### Task prompt
The result should be an exact copy of only the lines from the one with "Racing Black Red Leather Jacket" through the last line of the data below, with pictures omitted.

### Data block
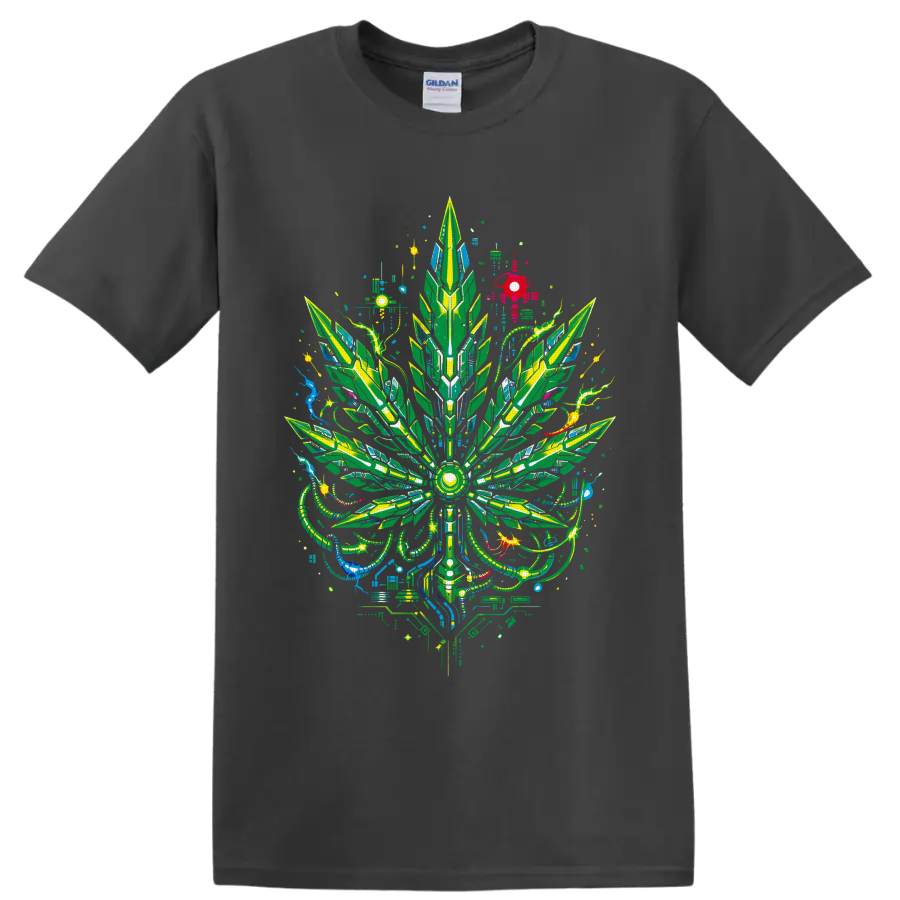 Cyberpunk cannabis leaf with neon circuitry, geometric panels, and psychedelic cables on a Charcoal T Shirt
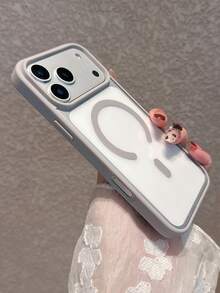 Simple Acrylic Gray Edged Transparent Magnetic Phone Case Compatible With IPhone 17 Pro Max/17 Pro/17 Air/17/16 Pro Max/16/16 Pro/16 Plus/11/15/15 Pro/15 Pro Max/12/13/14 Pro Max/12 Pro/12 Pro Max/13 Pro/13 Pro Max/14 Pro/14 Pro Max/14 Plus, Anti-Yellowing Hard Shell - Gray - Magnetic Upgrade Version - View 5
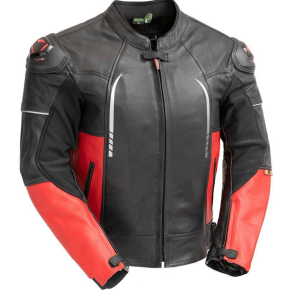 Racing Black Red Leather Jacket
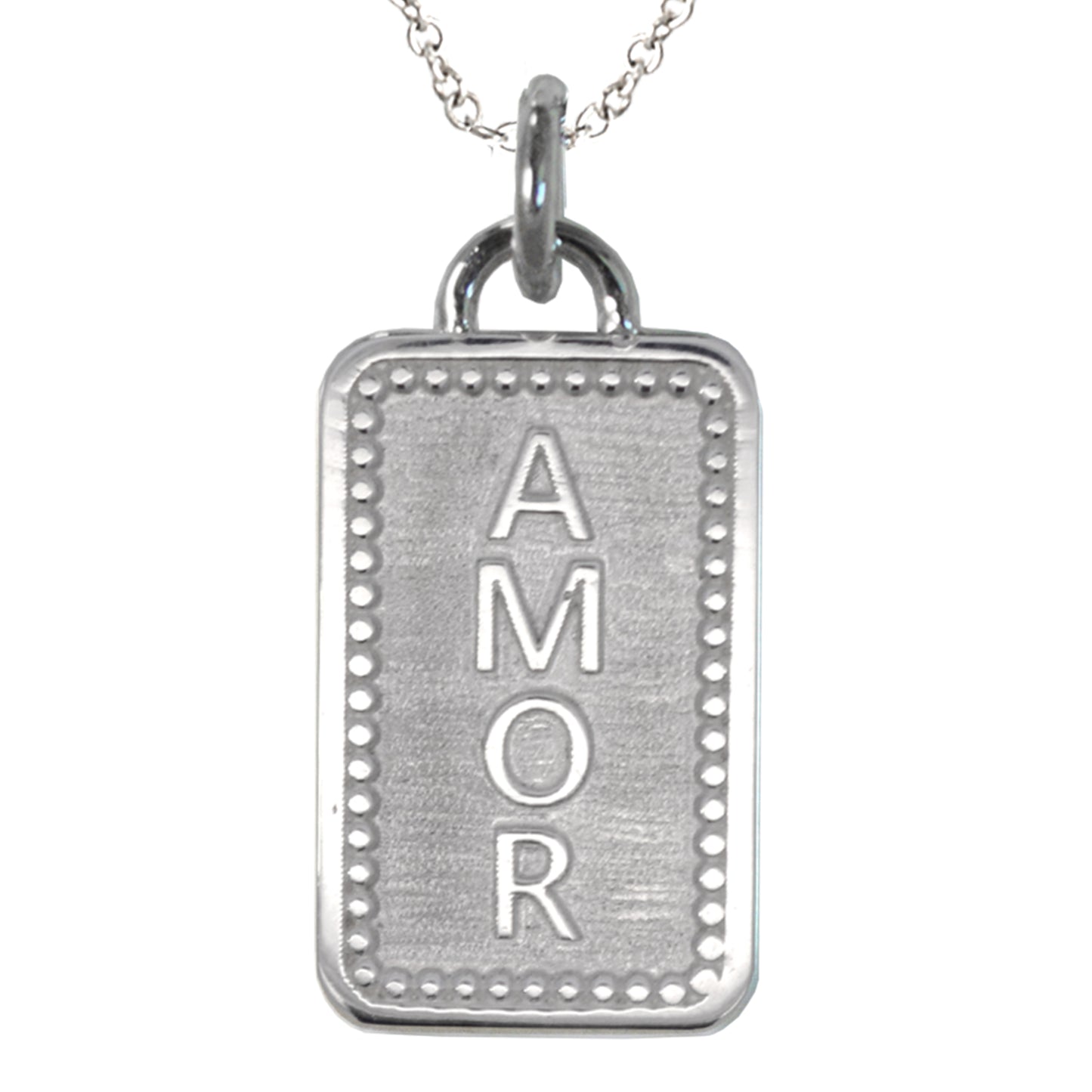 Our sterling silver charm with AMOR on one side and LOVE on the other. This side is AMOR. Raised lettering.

### Solution
 Racing Black Red Leather Jacket
 Our sterling silver charm with AMOR on one side and LOVE on the other. This side is AMOR. Raised lettering.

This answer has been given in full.